The popular interpretation of The Executive Unbound was always a caricature. The Executive Unbound compared two systems of government: the “liberal legalism” model in which Congress takes the lead in making policy within a system of separation of powers; and the “presidential primacy” model in which most policymaking takes place in the executive branch, by regulatory agencies under the broad supervision of the president. Our argument was that while the liberal legalism model remains the official story, the presidential primacy model more accurately depicts the workings of the government.

This confusion between ideology and reality is important. Liberal legalists have constantly complained about the wholesale shift of power to the president from Congress and the courts. And yet this shift has occurred partly because those same liberal legalists have supported consistent incremental shifts in this direction, based on the needs of governance as they developed over many decades. Just think how recently liberals supported Obama’s immigration orders (after Congress gridlocked on immigration), Obama’s climate regulation orders (after Congress gridlocked on climate change), and Obama’s recess appointments (after Congress gridlocked on his nominations). We argued that the long-term trajectory in favor of presidential power—more generally, the centralization of power within the national government in the office of the presidency—reflects economic, political, and technological trends that are (more or less) inevitable, and in the face of which the separation of powers system gridlocks. To that extent, if you want government to govern, you need to learn to live with presidential primacy.

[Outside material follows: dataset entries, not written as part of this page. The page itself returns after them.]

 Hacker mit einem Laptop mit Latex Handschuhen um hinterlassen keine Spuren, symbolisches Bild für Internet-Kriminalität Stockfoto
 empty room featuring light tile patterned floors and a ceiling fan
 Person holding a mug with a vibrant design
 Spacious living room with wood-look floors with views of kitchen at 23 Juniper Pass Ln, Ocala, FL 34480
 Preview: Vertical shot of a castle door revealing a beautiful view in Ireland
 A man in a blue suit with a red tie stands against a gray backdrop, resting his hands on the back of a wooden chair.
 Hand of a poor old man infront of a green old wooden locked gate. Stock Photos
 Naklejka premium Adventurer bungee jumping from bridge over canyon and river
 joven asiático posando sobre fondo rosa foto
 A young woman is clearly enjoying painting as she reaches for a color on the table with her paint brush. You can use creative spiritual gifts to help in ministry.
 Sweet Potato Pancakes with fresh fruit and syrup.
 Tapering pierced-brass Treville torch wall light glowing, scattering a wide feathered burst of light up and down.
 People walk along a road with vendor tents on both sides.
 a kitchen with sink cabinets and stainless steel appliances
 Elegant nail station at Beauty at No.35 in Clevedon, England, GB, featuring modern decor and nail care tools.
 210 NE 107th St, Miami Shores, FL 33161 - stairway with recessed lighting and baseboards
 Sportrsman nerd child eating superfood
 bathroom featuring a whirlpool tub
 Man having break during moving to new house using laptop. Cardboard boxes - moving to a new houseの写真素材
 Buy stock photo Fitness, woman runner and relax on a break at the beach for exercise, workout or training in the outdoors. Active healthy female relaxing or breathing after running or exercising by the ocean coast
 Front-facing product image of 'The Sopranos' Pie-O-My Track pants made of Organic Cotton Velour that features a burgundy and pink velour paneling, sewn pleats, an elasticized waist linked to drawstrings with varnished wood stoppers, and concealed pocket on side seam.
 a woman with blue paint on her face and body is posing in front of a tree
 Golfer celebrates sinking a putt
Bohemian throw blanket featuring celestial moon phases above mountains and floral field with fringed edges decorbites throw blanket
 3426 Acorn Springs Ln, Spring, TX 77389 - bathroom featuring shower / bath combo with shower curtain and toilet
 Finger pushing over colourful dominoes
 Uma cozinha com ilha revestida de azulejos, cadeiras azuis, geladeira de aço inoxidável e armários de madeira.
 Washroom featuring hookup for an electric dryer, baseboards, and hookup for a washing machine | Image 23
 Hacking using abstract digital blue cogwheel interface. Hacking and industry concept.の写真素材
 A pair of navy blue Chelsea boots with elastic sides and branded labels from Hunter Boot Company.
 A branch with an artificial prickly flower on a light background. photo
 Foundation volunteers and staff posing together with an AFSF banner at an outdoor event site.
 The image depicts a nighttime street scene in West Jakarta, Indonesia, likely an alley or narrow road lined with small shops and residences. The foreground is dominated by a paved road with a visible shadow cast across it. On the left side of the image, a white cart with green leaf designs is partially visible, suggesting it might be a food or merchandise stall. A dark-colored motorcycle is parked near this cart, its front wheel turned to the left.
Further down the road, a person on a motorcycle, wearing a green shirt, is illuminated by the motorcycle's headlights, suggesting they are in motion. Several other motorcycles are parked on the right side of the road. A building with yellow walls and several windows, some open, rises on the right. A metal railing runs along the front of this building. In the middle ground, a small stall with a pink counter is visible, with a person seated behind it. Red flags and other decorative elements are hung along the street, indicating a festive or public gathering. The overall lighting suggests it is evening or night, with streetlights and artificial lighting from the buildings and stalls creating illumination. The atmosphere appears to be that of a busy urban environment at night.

While the title of the book and some passages may have led readers to think that the book imagines that the president is subject to literally no constraints from Congress and the courts, that was never the argument. The book would make little sense if it was. One chapter discusses presidential power during emergencies; the argument that the president’s freedom of action expands during emergencies would make little sense if the president’s freedom of action was already at a maximum during normal times. The book observes that most of the expansion of executive power took place through voluntary delegations by Congress, which, at least formally, retains the power to withdraw those delegations or impose additional constraints on them. And the book describes a historical process that is still going on; it does not claim that we have reached an endpoint of maximal presidential power, whatever that would mean.

My relatively new belief that courts should review regulators’ cost-benefit analysis is a change of mind: I used to think otherwise, and I explain my reasons in the as yet unposted paper with Masur. But I’ve always been a fan of cost-benefit analysis, and it’s only recently that I’ve worked out my thoughts about how it should be institutionalized in government. If my thoughts about the relationship between courts, regulators, and the executive are evolving at the margin, that’s just because I know more today than I did seven years ago. That said, the role of the judiciary in ensuring that agencies perform cost-benefit analysis must remain limited, for reasons that Masur and I explore.

Finally, as to Mr. Trump. The Executive Unbound acknowledged that you don’t always get the president you want. You also don’t always get the Congress you want. If the choice is between action and gridlock, I still prefer action (in part because gridlock will eventually lead to action of a bad kind).

What will happen if Trump causes the devastation that is so widely predicted? It depends on what exactly he does. If he establishes a dictatorship and starts World War III, all bets are off. A more realistic worst-case prediction at this point is something like a Nixon presidency, except without the foreign policy accomplishments, ending in impeachment, resignation, or simply an electoral loss. If so, then expect Congress, presumably now populated with Democrats, to react as it did after Nixon’s resignation—by enacting new statutes that attempt to rein in the presidency. And expect those new statutes to erode in short order just as the 1970s statutes did.